May 31, 2019 · 3 min read

Where Did I Put My Loss Values?

How to add metrics and key-values generated while training a deep learning model in PyTorch to your checkpoints.

Originally published on Medium

Checkpointing

Saving and loading PyTorch models is super easy and intuitive.

Save model weights:

torch.save(model.state_dict(), PATH)

Load model weights:

model = TheModelClass()
model.load_state_dict(torch.load(PATH))

This PyTorch tutorial also explains how to save the optimizer state and other good tips on this topic.

But what about all the other parameters?

The above saving and loading examples are a good way to load your model in order to use it for inference in test time, or in case you are using a pre-trained model for finetuning.

Now let’s say you train a very deep model on a very large dataset, it’s gonna take a lot of time and in case you are using cloud instances, it also costs lots of money. A good solution for saving money will be to use spot instances which gives a significant discount. Chances are you’re going to lose your instance somewhere in the middle of the training process. Resume training using the model weights and optimizer state alone is not enough. You will also need all the metrics you measured, such as the loss and accuracy values for each set, the best top-k-accuracy on a validation set, the number of epochs, samples or iterations done until the stop point and any other special value you keep track on.

Those are needed in order to continue reporting the learning progress curves after you resume training, and for other on the fly decisions like learning rate reduction based on the validation loss which stopped improving.
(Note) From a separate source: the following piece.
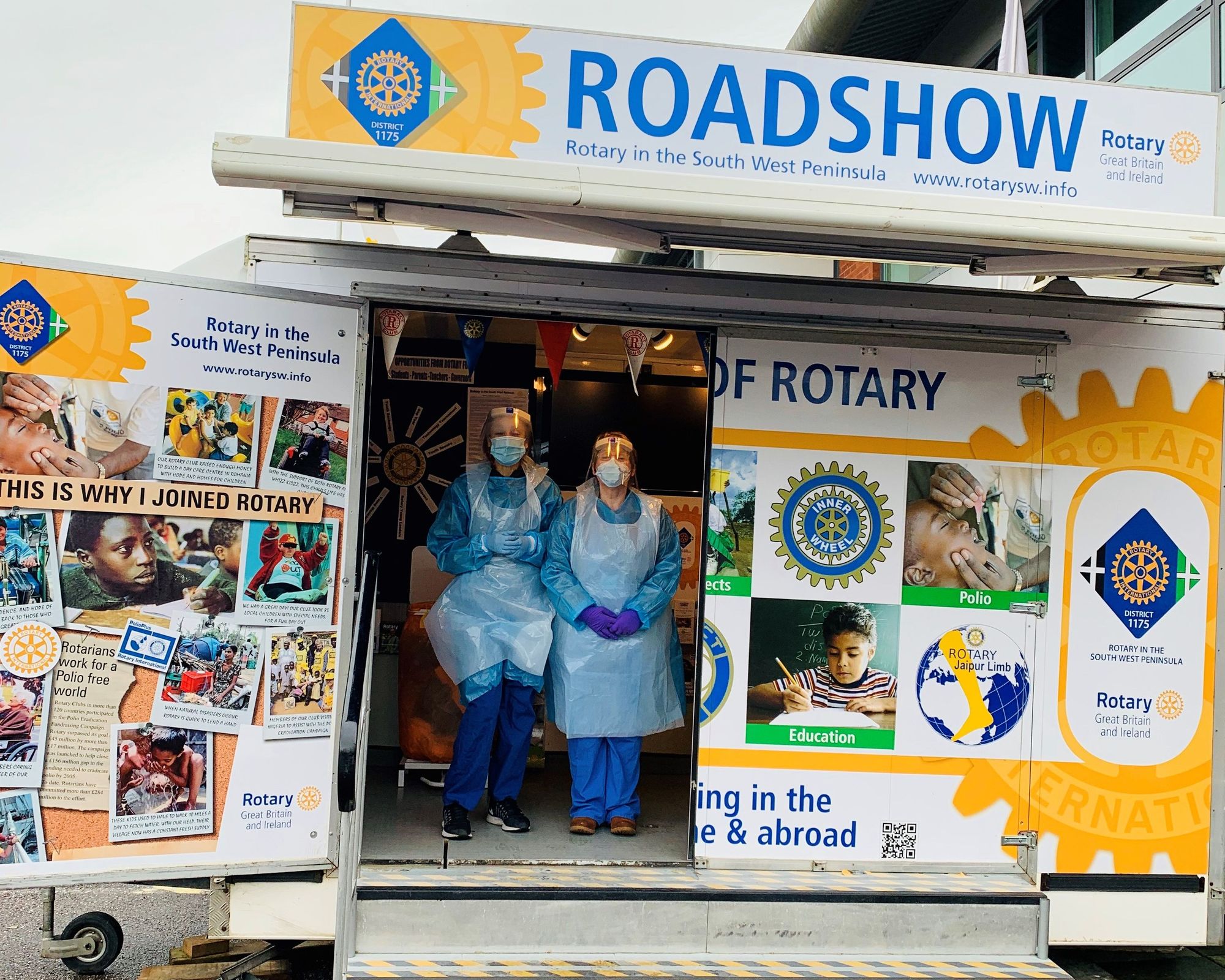 Brixham Rotarians put display trailer to use as swabbing station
Fully resuming a learning experiment is also important for reproducible reasons, publishing a paper and a code base. In addition, being able to start from any “point” on the convergence curve, continue the learning process with or without changing any hyperparameters is crucial for research of a new task or field.


I am using PyTorch and working on large video datasets, such as Kinetics. In the process of looking for a full checkpoint solution for my research, I started working on such checkpoint handler for PyTorch and recently released a package to the Python Package Index (PyPI): https://pypi.org/project/pytorchcheckpoint/ and also a GitHub repository: https://github.com/bomri/pytorch-checkpoint.
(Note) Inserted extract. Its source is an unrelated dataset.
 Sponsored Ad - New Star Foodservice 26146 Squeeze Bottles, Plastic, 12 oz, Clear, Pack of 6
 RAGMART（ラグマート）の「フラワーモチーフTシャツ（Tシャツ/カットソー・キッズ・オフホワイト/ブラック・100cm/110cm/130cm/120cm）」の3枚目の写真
In order to install the package:

pip install pytorchcheckpoint

Then, somewhere at the beginning of your training code initiate the class:

from pytorchcheckpoint.checkpoint import CheckpointHandler
checkpoint_handler = CheckpointHandler()

Now, in addition to saving your model weights and optimizer state, you can add any other value in any step of the learning process.
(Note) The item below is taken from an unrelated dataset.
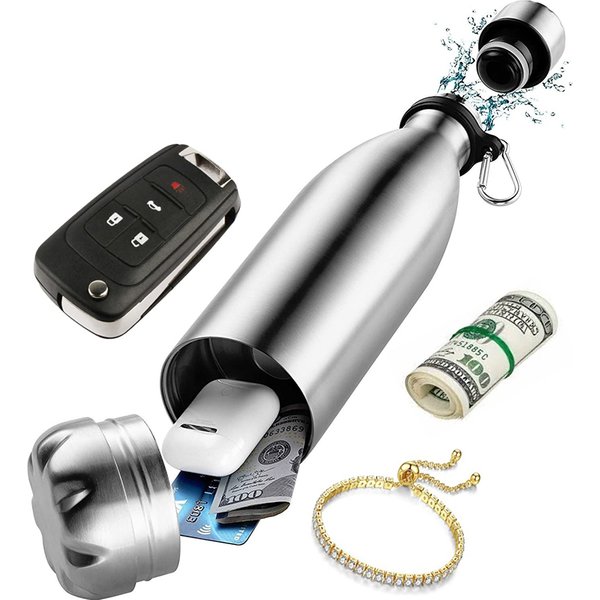 750 ml Diversion-Wasserflasche, tragbare Wasserflasche, geheimer Aufbewahrungs-Pillen-Organizer, kann sicherer Versteck vor Ort für Geld, Bonus, Schlüsselanhänger-Box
For example, in order to save the number of classes you can run:

# saving
checkpoint_handler.store_var(var_name='n_classes', value=1000)

# restoring
n_classes = checkpoint_handler.get_var(var_name='n_classes')

In addition, you can store values and metrics:

  • per set: training/validation/test
  • for each number of epochs/samples/iterations

For example, the top-1-accuracy value of the train and validation sets for each epoch can be stored by using:

# train set - top1
checkpoint_handler.store_running_var_with_header(header='train', var_name='top1', iteration=0, value=80)
checkpoint_handler.store_running_var_with_header(header='train', var_name='top1', iteration=1, value=85)
checkpoint_handler.store_running_var_with_header(header='train', var_name='top1', iteration=2, value=90)
checkpoint_handler.store_running_var_with_header(header='train', var_name='top1', iteration=3, value=91)

# valid set - top1
checkpoint_handler.store_running_var_with_header(header='valid', var_name='top1', iteration=0, value=70)
checkpoint_handler.store_running_var_with_header(header='valid', var_name='top1', iteration=1, value=75)
checkpoint_handler.store_running_var_with_header(header='valid', var_name='top1', iteration=2, value=80)
checkpoint_handler.store_running_var_with_header(header='valid', var_name='top1', iteration=3, value=85)

Saving and loading the full checkpoint is done with a single line of code:

# save checkpoint
checkpoint_handler.save_checkpoint(checkpoint_path=path, iteration=25, model=model)

# load checkpoint
checkpoint_handler = checkpoint_handler.load_checkpoint(path)

You can check the pytorch-checkpoint README for more useful examples.

So the next time you fire up a training process make sure you have those loss values at hand for any rainy day.